=== Your instructions ===
Write out again, please, the records below from the first line to the line holding "Schwarz Raglan-Sweatshirt", inclusive, and nothing else.

_____

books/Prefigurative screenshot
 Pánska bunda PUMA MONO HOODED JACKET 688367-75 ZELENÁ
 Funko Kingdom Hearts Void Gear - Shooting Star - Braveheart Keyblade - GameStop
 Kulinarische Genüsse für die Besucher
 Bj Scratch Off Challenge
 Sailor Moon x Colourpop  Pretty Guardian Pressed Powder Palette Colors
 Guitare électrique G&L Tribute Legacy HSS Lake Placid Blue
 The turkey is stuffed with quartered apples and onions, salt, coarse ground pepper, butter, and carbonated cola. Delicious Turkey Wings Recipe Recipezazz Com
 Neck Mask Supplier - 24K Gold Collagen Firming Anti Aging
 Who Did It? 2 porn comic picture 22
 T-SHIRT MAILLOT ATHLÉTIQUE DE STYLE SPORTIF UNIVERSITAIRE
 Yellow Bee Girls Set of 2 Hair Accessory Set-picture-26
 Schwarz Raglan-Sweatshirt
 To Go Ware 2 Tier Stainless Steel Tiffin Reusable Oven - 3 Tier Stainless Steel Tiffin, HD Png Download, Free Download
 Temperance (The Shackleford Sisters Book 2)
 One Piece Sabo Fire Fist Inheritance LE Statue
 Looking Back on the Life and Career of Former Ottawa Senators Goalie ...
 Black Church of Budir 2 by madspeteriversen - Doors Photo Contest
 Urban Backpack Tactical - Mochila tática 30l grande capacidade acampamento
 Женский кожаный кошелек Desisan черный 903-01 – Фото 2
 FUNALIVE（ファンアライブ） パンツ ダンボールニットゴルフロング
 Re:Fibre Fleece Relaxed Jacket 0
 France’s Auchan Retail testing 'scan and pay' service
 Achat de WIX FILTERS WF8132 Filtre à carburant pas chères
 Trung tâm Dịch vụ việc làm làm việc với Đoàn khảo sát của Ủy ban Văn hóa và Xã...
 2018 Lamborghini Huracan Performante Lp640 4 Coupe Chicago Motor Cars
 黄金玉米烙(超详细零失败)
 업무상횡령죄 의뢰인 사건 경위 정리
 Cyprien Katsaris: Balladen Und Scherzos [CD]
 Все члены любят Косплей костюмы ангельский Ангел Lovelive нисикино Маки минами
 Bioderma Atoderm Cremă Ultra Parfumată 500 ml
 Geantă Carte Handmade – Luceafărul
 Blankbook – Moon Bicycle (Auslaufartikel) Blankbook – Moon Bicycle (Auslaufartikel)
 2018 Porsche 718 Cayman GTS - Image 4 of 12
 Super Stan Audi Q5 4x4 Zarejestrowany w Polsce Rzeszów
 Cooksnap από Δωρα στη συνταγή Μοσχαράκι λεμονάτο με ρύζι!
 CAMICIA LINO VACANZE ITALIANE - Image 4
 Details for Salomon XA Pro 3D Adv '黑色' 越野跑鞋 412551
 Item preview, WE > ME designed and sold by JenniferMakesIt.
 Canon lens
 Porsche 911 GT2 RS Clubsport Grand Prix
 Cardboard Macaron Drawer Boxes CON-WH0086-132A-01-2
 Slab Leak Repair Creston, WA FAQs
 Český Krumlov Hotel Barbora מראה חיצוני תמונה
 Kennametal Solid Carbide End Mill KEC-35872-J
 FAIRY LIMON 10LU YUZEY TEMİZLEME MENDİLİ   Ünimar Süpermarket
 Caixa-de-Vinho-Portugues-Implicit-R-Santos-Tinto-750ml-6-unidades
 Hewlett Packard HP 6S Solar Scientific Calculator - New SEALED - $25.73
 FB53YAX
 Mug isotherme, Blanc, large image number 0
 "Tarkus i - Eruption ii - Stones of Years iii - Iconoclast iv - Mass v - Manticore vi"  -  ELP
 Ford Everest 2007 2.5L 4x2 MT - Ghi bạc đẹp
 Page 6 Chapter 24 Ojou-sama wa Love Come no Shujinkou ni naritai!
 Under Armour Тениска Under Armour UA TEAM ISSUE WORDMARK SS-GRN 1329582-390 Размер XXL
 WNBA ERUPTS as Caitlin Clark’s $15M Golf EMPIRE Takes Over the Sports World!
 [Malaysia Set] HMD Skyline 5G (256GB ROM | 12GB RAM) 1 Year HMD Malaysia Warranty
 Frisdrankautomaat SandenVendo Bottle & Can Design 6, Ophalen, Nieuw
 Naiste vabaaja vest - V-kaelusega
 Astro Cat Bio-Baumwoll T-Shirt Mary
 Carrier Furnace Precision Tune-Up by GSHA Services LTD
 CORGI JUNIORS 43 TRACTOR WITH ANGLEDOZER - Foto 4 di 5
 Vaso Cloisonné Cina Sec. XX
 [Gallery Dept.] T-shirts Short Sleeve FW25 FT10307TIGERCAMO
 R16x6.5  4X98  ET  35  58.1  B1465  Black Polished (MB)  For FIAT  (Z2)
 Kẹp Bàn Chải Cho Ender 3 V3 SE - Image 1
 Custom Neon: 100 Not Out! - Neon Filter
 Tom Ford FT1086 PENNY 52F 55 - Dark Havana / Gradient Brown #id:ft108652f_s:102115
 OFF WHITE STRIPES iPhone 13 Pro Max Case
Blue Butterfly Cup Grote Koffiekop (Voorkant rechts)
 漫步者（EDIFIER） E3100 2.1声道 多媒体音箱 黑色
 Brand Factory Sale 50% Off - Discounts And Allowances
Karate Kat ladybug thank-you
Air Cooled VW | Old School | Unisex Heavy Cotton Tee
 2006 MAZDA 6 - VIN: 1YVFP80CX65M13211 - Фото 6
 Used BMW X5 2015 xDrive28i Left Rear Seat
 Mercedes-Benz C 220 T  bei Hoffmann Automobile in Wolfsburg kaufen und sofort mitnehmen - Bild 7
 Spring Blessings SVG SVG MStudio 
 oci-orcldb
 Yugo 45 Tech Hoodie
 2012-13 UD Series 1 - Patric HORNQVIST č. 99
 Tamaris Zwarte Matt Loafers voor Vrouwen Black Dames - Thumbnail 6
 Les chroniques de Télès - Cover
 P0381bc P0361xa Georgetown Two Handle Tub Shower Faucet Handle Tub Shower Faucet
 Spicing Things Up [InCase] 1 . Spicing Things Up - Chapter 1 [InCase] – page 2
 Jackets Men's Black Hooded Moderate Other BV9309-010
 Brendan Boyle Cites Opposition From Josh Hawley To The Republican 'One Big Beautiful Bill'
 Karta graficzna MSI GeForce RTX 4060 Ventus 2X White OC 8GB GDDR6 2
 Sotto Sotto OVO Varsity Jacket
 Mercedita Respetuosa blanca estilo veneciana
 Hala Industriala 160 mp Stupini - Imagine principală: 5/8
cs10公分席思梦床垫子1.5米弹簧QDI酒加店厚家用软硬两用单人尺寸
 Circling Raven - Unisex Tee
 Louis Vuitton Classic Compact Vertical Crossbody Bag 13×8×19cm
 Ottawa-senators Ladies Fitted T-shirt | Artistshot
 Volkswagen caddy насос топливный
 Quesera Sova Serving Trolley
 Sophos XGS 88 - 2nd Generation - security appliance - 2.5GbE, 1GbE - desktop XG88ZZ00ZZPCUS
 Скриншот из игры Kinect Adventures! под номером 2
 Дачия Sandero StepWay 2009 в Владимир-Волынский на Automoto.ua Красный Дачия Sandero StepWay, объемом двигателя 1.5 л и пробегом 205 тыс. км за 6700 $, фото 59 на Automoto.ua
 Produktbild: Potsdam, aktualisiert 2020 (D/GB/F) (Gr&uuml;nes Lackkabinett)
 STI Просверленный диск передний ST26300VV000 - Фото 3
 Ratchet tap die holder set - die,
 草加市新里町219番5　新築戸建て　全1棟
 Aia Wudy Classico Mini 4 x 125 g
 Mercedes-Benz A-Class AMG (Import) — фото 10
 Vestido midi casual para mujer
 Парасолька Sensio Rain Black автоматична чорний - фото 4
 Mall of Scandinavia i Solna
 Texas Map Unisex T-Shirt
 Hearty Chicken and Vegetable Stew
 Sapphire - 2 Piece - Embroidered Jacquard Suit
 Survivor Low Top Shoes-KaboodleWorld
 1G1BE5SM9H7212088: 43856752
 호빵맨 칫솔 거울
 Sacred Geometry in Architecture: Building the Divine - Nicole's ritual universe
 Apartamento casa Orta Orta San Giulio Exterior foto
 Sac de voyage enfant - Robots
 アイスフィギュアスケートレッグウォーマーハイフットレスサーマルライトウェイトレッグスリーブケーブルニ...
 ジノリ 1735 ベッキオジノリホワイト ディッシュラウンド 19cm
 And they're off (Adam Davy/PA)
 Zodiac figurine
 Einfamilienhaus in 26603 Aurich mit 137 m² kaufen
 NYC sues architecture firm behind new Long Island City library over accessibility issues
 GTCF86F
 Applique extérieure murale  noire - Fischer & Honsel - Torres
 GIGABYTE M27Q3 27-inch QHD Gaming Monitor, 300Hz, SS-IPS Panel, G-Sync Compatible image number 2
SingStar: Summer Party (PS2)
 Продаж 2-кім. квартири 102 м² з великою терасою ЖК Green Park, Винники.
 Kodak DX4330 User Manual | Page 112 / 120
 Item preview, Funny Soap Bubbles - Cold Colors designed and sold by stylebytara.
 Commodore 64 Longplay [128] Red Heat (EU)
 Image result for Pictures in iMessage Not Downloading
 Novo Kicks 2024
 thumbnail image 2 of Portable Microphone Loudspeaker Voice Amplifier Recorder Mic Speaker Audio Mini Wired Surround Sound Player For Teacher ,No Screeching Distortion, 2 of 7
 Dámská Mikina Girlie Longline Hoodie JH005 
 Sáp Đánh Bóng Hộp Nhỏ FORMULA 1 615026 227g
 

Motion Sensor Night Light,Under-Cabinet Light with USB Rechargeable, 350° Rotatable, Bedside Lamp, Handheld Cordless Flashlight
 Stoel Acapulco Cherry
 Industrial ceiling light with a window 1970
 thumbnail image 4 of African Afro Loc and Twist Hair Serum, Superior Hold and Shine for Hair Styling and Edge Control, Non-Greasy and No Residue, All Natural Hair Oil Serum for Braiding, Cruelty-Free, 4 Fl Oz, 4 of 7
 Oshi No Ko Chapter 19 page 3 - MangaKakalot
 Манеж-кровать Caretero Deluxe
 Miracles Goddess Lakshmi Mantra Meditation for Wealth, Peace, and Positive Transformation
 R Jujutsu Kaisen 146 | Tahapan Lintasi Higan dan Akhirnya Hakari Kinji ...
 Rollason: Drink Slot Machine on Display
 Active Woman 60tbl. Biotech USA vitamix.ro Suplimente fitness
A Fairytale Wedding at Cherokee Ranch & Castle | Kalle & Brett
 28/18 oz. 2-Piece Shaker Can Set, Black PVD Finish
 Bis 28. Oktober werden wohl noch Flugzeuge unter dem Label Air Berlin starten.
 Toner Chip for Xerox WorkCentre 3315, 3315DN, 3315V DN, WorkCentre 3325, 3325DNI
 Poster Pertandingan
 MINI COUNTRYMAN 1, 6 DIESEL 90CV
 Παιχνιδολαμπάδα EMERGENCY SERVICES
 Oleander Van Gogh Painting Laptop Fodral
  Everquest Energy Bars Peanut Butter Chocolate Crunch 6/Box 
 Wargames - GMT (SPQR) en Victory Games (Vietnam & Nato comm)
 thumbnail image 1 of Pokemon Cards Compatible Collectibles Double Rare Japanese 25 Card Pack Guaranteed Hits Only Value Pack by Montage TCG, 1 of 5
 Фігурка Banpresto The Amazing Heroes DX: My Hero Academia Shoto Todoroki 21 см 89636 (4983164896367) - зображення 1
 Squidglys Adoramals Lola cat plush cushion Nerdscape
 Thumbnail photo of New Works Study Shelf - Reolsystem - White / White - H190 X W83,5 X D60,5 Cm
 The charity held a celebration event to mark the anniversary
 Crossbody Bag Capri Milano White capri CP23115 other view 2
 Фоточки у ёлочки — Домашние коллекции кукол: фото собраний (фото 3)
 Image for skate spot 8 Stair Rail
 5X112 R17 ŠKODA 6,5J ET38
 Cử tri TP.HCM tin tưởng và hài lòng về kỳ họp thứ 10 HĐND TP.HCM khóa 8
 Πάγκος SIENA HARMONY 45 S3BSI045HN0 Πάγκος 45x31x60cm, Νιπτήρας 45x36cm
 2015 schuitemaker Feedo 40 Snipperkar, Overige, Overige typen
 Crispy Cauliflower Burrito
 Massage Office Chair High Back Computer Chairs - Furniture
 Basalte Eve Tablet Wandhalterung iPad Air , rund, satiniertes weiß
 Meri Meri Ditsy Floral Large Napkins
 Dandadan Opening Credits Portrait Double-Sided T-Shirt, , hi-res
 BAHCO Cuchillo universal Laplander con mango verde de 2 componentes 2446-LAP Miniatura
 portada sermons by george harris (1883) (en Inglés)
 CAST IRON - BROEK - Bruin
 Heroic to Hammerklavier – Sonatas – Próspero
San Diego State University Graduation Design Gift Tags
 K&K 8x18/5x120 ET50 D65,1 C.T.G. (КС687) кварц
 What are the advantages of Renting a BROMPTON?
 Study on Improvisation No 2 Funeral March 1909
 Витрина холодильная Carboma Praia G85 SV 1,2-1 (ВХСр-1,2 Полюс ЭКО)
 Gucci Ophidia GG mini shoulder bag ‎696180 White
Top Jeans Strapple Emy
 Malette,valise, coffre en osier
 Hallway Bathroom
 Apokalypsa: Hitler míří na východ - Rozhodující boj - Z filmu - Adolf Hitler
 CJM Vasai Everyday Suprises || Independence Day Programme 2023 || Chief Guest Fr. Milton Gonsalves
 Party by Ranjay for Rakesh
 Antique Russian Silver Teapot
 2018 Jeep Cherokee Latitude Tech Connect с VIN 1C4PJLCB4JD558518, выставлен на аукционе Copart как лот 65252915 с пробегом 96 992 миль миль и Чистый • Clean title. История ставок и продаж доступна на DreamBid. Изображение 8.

_____

=== Task response ===
books/Prefigurative screenshot
 Pánska bunda PUMA MONO HOODED JACKET 688367-75 ZELENÁ
 Funko Kingdom Hearts Void Gear - Shooting Star - Braveheart Keyblade - GameStop
 Kulinarische Genüsse für die Besucher
 Bj Scratch Off Challenge
 Sailor Moon x Colourpop  Pretty Guardian Pressed Powder Palette Colors
 Guitare électrique G&L Tribute Legacy HSS Lake Placid Blue
 The turkey is stuffed with quartered apples and onions, salt, coarse ground pepper, butter, and carbonated cola. Delicious Turkey Wings Recipe Recipezazz Com
 Neck Mask Supplier - 24K Gold Collagen Firming Anti Aging
 Who Did It? 2 porn comic picture 22
 T-SHIRT MAILLOT ATHLÉTIQUE DE STYLE SPORTIF UNIVERSITAIRE
 Yellow Bee Girls Set of 2 Hair Accessory Set-picture-26
 Schwarz Raglan-Sweatshirt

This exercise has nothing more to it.